The Lebanese judge investigating the deadly 2020 Beirut port explosion has unexpectedly resumed his inquiry, after a 13-month suspension due to political resistance to his attempts to interrogate top officials.
The move by Judge Tarek Bitar was reported on Monday by Lebanese media and several news agencies, who cited judicial officials. Bitar has issued new charges against eight senior and mid-ranking officials, setting dates for their questioning, the Reuters news agency reported, citing a judicial source.
Bitar also ordered the release of five people detained since shortly after the blast – former port officials Michel Nahoul, Shafiq Merhi and Sami Hussein; a welder of Syrian origin, Ahmad Rajab; and a contractor, Salim Shebli.
The probe into the explosion that killed 218 people and damaged large areas of Beirut had been derailed since December 2021 by legal challenges as well as resistance from factions.

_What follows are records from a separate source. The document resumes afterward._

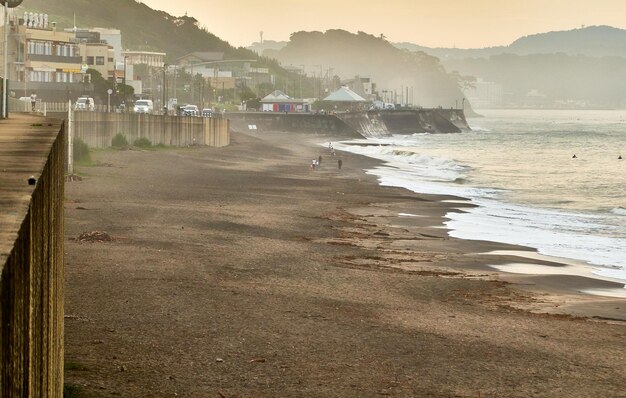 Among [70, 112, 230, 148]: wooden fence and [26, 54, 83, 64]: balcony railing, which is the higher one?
[26, 54, 83, 64]: balcony railing

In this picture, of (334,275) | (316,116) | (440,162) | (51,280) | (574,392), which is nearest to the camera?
(51,280)

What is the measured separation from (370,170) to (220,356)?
6452 centimetres

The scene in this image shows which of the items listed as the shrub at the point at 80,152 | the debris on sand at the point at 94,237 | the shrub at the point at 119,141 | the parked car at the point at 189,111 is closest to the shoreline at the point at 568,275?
the debris on sand at the point at 94,237

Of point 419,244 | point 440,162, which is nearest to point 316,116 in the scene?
point 440,162

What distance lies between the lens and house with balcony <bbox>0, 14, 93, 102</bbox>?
10038cm

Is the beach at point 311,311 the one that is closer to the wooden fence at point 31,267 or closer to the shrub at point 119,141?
the wooden fence at point 31,267

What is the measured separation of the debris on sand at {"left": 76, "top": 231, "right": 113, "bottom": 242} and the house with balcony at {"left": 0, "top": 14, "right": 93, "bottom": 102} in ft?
221

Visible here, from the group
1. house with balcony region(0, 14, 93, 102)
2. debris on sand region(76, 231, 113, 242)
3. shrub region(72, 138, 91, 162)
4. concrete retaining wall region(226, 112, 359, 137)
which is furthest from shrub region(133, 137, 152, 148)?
concrete retaining wall region(226, 112, 359, 137)

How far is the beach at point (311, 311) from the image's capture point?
14.8 meters

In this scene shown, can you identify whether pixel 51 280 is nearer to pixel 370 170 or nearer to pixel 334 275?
pixel 334 275

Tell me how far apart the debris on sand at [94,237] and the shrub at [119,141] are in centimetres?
4923

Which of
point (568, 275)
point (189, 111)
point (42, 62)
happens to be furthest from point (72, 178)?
point (189, 111)

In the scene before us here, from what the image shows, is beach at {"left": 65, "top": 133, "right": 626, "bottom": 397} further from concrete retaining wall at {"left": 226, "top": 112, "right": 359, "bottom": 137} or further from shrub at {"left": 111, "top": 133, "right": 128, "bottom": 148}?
concrete retaining wall at {"left": 226, "top": 112, "right": 359, "bottom": 137}

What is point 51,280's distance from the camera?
7.47 meters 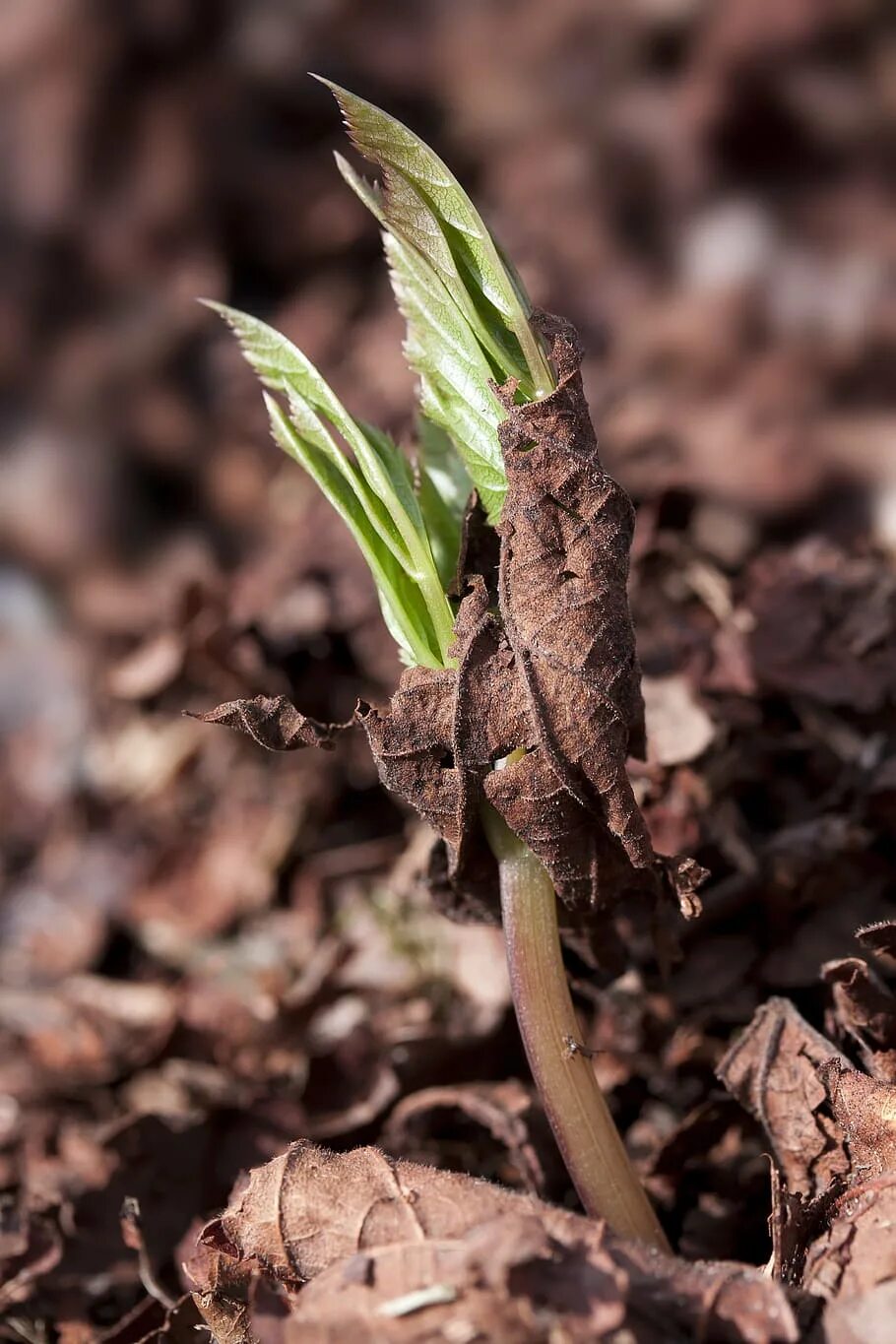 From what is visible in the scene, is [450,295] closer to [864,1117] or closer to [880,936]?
[880,936]

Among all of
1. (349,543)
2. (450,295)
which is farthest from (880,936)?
(349,543)

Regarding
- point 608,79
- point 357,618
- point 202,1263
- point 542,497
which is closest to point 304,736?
point 542,497

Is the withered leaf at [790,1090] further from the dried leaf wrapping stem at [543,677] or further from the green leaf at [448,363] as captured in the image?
the green leaf at [448,363]

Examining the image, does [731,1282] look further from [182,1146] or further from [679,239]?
[679,239]

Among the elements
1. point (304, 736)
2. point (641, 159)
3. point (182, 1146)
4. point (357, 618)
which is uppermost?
point (641, 159)

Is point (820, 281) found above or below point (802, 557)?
above

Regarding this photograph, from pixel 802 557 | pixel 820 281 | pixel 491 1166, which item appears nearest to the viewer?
pixel 491 1166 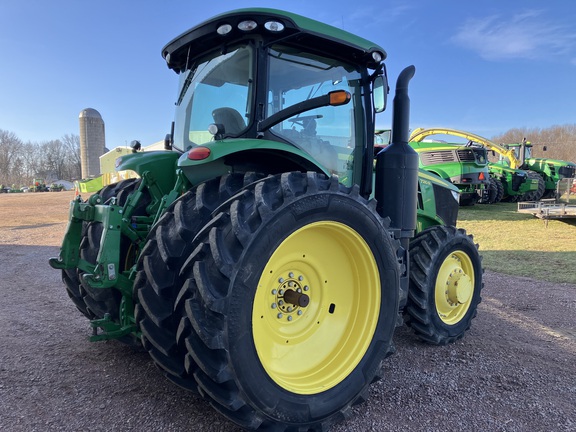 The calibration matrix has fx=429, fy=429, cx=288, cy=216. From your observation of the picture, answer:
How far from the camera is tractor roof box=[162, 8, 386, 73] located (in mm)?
2465

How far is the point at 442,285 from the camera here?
11.4 feet

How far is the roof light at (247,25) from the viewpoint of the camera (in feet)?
8.02

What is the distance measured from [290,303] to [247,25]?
1.58m

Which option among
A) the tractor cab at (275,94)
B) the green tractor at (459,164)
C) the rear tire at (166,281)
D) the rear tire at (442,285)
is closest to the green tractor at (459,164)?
the green tractor at (459,164)

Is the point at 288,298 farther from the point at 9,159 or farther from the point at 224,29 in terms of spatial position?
the point at 9,159

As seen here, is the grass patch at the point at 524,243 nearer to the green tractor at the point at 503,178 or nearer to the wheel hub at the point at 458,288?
the green tractor at the point at 503,178

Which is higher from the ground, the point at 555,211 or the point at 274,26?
the point at 274,26

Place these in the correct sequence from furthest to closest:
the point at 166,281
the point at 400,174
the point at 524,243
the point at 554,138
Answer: the point at 554,138 → the point at 524,243 → the point at 400,174 → the point at 166,281

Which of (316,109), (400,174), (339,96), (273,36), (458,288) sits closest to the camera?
(339,96)

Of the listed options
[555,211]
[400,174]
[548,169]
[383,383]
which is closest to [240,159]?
[400,174]

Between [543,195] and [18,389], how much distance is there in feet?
67.2

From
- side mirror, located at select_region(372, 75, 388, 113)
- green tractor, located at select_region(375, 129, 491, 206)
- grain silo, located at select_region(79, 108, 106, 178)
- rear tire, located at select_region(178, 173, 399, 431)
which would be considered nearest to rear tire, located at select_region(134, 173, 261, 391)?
rear tire, located at select_region(178, 173, 399, 431)

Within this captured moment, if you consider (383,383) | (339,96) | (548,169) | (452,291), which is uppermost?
(548,169)

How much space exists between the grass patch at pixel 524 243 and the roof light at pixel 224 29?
5.45 metres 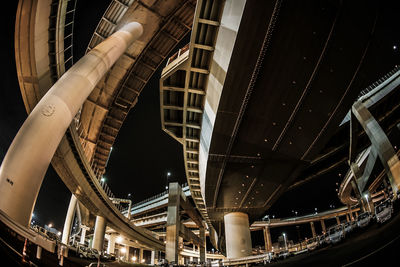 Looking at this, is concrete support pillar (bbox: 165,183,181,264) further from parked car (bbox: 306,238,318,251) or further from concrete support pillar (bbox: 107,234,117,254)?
concrete support pillar (bbox: 107,234,117,254)

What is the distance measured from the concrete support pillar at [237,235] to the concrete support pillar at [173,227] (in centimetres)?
583

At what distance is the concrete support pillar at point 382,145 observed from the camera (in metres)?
18.5

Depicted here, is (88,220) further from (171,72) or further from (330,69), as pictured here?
(330,69)

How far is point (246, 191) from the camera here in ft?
71.4

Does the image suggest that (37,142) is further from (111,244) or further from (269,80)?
(111,244)

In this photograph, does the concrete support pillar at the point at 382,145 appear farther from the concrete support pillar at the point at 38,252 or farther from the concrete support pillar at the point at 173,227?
the concrete support pillar at the point at 38,252

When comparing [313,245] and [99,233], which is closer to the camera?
[313,245]

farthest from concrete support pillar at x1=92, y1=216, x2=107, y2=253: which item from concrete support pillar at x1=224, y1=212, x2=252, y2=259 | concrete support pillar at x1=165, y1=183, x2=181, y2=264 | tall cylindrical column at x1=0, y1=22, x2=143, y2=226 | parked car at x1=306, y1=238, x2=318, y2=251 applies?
parked car at x1=306, y1=238, x2=318, y2=251

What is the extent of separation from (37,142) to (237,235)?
2224cm

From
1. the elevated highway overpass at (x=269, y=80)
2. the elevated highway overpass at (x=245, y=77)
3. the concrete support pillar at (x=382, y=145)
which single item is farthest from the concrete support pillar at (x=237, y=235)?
the concrete support pillar at (x=382, y=145)

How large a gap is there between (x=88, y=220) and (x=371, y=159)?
1607 inches

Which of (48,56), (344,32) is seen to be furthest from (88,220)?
(344,32)

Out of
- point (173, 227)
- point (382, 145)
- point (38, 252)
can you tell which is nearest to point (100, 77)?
point (38, 252)

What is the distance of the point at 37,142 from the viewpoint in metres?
8.77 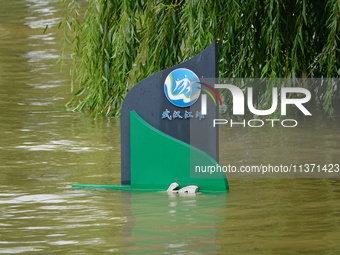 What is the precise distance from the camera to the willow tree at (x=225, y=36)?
12.0 metres

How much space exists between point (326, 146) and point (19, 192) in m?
3.58

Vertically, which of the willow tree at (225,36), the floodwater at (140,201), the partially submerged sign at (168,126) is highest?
the willow tree at (225,36)

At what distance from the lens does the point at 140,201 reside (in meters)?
9.07

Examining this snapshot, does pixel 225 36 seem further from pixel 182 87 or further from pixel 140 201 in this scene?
pixel 140 201

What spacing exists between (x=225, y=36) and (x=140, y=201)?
388 centimetres

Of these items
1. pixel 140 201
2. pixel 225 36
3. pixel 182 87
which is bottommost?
pixel 140 201

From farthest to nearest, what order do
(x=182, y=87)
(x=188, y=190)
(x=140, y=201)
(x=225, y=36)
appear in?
(x=225, y=36)
(x=182, y=87)
(x=188, y=190)
(x=140, y=201)

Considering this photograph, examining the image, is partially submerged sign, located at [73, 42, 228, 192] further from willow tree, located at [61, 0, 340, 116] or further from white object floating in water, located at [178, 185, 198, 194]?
willow tree, located at [61, 0, 340, 116]

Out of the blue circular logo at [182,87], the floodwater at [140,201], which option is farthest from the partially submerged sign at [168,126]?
the floodwater at [140,201]

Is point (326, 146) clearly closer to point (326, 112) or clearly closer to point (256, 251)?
point (326, 112)

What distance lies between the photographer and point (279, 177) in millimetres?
10125

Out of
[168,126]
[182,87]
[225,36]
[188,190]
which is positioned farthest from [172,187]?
[225,36]

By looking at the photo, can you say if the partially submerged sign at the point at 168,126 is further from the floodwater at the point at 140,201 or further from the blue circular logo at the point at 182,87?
the floodwater at the point at 140,201

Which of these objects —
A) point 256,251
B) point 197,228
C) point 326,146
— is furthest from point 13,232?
point 326,146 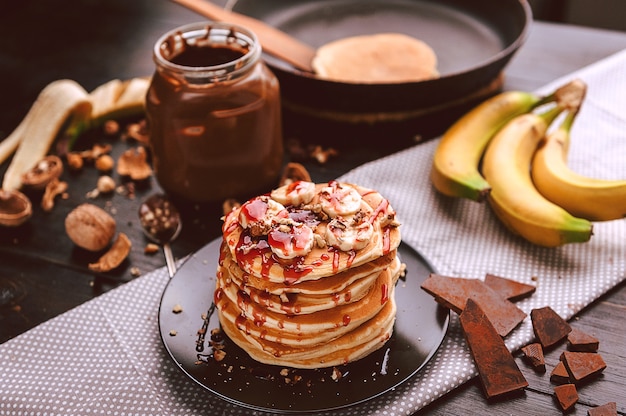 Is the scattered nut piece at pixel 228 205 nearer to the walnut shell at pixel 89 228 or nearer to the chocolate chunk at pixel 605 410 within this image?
the walnut shell at pixel 89 228

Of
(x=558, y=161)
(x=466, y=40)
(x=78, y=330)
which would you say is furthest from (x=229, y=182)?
(x=466, y=40)

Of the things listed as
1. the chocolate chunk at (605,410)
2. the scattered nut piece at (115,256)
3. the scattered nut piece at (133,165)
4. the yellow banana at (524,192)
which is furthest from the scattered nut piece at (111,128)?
the chocolate chunk at (605,410)

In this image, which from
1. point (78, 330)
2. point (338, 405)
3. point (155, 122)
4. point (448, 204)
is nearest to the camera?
point (338, 405)

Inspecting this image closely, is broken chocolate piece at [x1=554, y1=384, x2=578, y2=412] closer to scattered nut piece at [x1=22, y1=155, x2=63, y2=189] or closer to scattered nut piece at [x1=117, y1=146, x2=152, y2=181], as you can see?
scattered nut piece at [x1=117, y1=146, x2=152, y2=181]

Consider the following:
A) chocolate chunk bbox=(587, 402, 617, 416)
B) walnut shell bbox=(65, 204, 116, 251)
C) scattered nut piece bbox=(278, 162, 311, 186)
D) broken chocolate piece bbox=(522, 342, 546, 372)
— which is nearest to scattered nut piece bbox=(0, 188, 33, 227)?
walnut shell bbox=(65, 204, 116, 251)

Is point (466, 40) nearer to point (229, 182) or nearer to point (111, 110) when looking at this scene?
point (229, 182)

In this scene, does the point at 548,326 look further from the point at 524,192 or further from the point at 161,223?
the point at 161,223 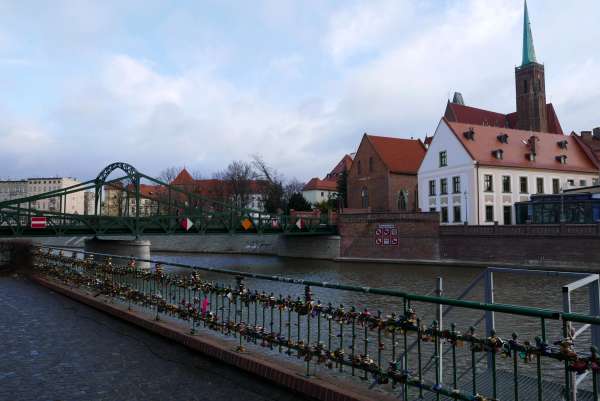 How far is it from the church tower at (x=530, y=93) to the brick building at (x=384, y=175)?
1649 centimetres

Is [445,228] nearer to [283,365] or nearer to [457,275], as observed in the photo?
[457,275]

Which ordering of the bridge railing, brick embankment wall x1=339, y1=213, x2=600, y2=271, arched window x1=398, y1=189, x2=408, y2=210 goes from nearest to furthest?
1. the bridge railing
2. brick embankment wall x1=339, y1=213, x2=600, y2=271
3. arched window x1=398, y1=189, x2=408, y2=210

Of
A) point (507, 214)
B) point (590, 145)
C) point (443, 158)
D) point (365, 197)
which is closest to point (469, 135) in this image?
point (443, 158)

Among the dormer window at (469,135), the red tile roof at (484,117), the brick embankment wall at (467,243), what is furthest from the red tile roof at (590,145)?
the brick embankment wall at (467,243)

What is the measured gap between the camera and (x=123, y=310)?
9.53m

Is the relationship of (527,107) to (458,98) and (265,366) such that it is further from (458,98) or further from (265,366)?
(265,366)

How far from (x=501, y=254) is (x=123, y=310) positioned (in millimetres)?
28743

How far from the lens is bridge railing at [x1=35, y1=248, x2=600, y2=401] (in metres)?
3.77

Politicians who Bitar sought to question, including Hezbollah allies, made dozens of legal challenges disputing his right to interrogate them and saying he had overstepped his powers.
The blast on August 4, 2020, one of history’s largest non-nuclear explosions, was caused by hundreds of tonnes of ammonium nitrate that had been left unloaded at the port in 2013, but no senior official has been held to account.
Despite the surprise decision, Bitar continues to face immense pressure, which lawyer and activist Nizar Saghieh said there was “no doubt” would persist “to halt his work”.
“Bitar is waging a battle against the policy of impunity” in Lebanon, Saghieh said.
In February 2021, Bitar’s predecessor as the lead judge was removed from the case after he had charged high-level politicians.
Parliament has refused to lift immunity granted to lawmakers, and Bitar’s requests to interrogate top security officials have been turned down.
Senior politicians Bitar sought to interrogate included members of Parliament Speaker Nabih Berri’s Amal Movement, an important Hezbollah ally, along with Hassan Diab – prime minister at the time of the blast – and top security official Major-General Abbas Ibrahim.
All of them, including former ministers Ali Hassan Khalil and Ghazi Zeaiter, have denied wrongdoing, and some say they have immunity from prosecution.
The interior ministry has also failed to execute arrest warrants issued by Bitar, further undermining his quest for accountability.
An anti-Bitar protest called by Hezbollah and its allies in October 2021 escalated into deadly violence.
The Lebanese judiciary, where appointments depend largely on political backing, has long been prone to political influence.
Many families of the blast victims, human rights organisations, and legal activists continue to back Bitar, saying he has set a precedent for accountability and justice in Lebanon.